▶ _Exercise prompt_: The answer should hold nothing but the lines from the one with "Boxom boy babe - Picture 2 of 3" through the end of the listing below, each exactly as written.

[[ Information, beginning ]]

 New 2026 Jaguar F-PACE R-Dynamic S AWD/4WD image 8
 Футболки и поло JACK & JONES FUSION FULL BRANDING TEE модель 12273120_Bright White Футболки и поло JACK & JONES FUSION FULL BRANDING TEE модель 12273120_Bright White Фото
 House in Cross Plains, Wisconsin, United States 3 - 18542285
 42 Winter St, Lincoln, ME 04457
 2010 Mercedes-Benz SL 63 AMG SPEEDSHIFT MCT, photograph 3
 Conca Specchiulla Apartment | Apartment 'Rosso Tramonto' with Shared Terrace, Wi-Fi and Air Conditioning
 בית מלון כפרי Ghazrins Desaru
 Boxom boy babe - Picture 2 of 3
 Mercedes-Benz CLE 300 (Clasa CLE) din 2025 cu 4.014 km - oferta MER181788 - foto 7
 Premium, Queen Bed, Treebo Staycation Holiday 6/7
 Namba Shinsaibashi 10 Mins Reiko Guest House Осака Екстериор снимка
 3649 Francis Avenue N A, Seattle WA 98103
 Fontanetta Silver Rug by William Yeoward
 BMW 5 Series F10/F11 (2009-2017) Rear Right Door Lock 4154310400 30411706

[[ Information, end ]]

▶ _Answer box_:
 Boxom boy babe - Picture 2 of 3
 Mercedes-Benz CLE 300 (Clasa CLE) din 2025 cu 4.014 km - oferta MER181788 - foto 7
 Premium, Queen Bed, Treebo Staycation Holiday 6/7
 Namba Shinsaibashi 10 Mins Reiko Guest House Осака Екстериор снимка
 3649 Francis Avenue N A, Seattle WA 98103
 Fontanetta Silver Rug by William Yeoward
 BMW 5 Series F10/F11 (2009-2017) Rear Right Door Lock 4154310400 30411706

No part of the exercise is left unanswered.